Tout n’est pas perdu, cela dit, puisque ce genre d’endroits précieux propose de nouvelles créations. Le concert du duo qui réunit Marc Ducret et Christophe Monniot s’annonce comme un des grands moments de l’année. Ne cachant pas la fébrilité propre aux premières, les deux musiciens s’élancent pied au plancher dans un croisement de phrases vives et brûlantes dont les centres de gravité se déplacent constamment. Basse pour l’un, arabesques pour l’autre, riffs qui claquent et virtuosités aériennes, la musique est neuve et énergique. Alternant des pièces signées de l’un ou de l’autre, on y entend leur savoir-faire, leurs influences multiples et un désir de chercher des terres nouvelles et inouïes à conquérir. Ils interprètent également une pièce de Ducret écrite à l’origine pour guitare et violoncelle ou encore une pièce du compositeur Michel Petrossian composée spécialement pour eux.
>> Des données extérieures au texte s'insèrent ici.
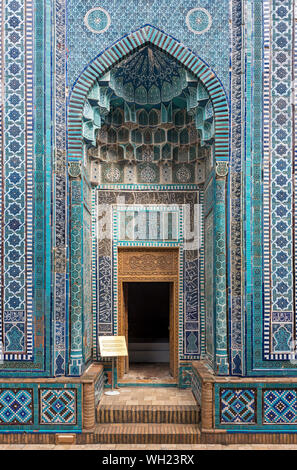 Kutlug Oko Mausoleo, Shah-i-Zinda (Shohizinda) necropoli, Samarcanda, Uzbekistan Foto Stock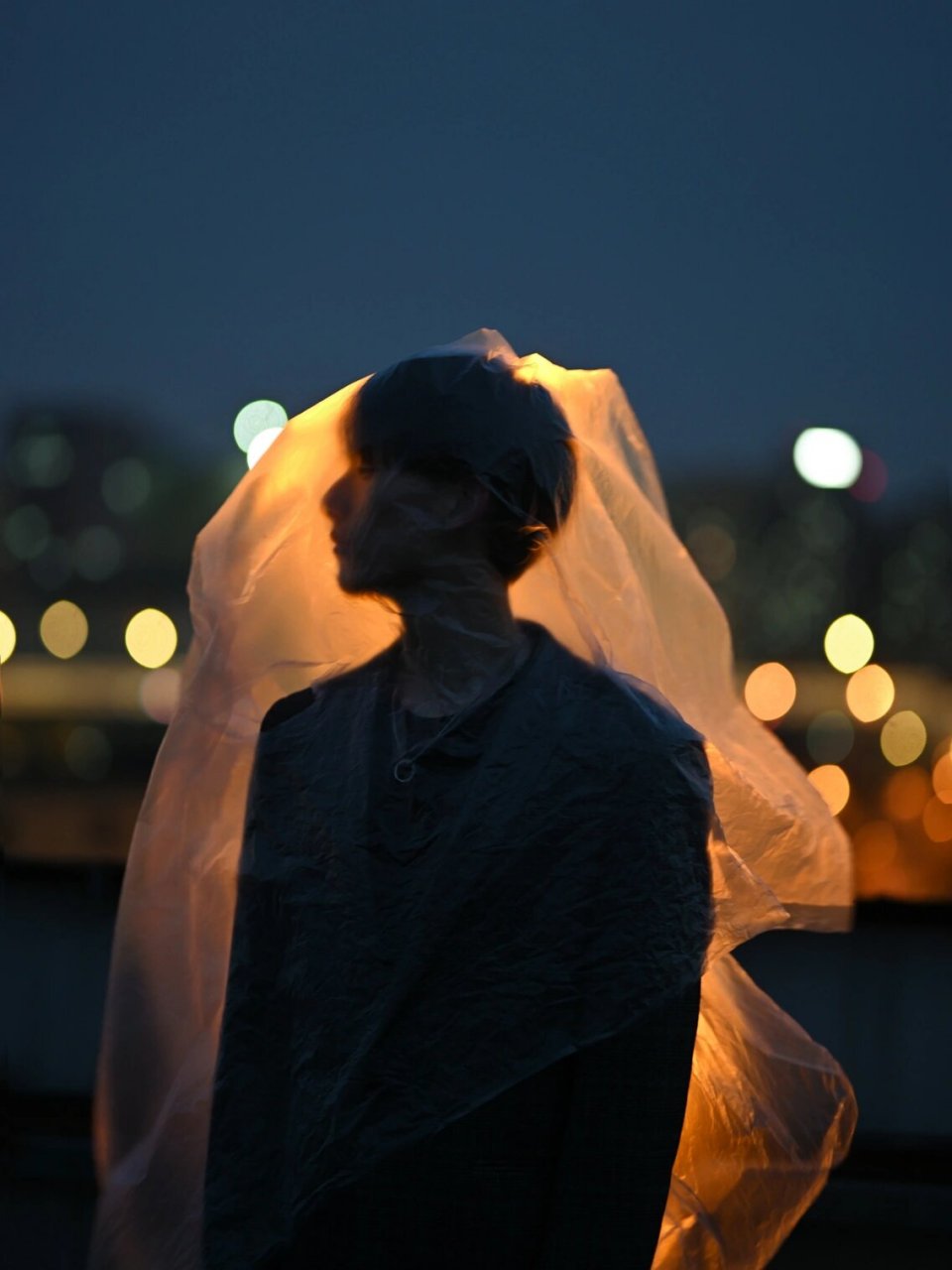 逆光中的少年,这侧脸绝了|男生情绪写真 出镜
La complexité du discours, la précision des intentions en font une œuvre stimulante pour l’auditeur ; elle constitue la clé de voûte de ce répertoire. Un disque est enregistré qui sortira chez Jazzdor Séries.

Plus intimiste, plus romantique aussi : deux compagnons reprennent du service. Dominique Pifarély est au côté de François Couturier. Ils retrouvent aussitôt le charme de leur amitié. La maîtrise formelle doit tout à un encyclopédisme venu du classique et parcouru par le souffle de liberté du jazz. Jamais ostentatoire, avec profondeur, le piano joue avec le violon dans d’infinies nuances ; il l’enlace, le porte au pinacle ou le noie dans les tréfonds de l’instrument. Par un geste affirmé et une musique concise, Pifarély manifeste, dans le contournement des évidences, une élégante capacité d’invention. La chanson « Les Vieux Amants » de Jacques Brel est un des moments forts. Introduite à l’archet par un tunnel bruitiste, méconnaissable, elle s’épanouit enfin dans une dimension tragique et inquiétante qui se heurte à la puissance émouvante de la mélodie originelle.

François Couturier, photo Michel Laborde

Pour conclure, faisant siens et complétant les propos de Marc Ducret un peu plus tôt, Dominique Pifarély engage le public à continuer, lui aussi, à lutter pour défendre ces espaces de liberté. Le combat doit venir de partout et il est important de ne pas baisser les bras : le pacte vaut pour les deux côtés. Nous sommes liés.

La soirée s’achève, dans la joie, avec Ciac Boum, un trio de musique traditionnelle contemporaine (non, ce n’est pas contradictoire). Julien Padovani, plus connu au piano, est ici à l’accordéon, Christian et Alban Pacher aux violons ; tous sont à la voix. Musique à danser, musique de bal, musique porteuse d’une histoire, elle hypnotise par ses boucles enivrantes et l’entrain de son tempo appuyé. Jamais on ne songe au musée, plutôt à une musique qui a su perdurer sans se ringardiser. En marge certainement d’autres chemins empruntés par les musiques médiatisées, elle reste pleine de vitalité, en phase avec un autre visage, tout aussi légitime, de notre époque.

par Nicolas Dourlhès // Publié le 24 juillet 2022
P.-S. :

La Charente, terre de jazz : en juin, les Rencontres d’Archipel, début juillet le Respire Jazz à l’Abbaye de Puypéroux, fin septembre Jazz à Trois-Palis (festival dirigé par Bruno Tocanne).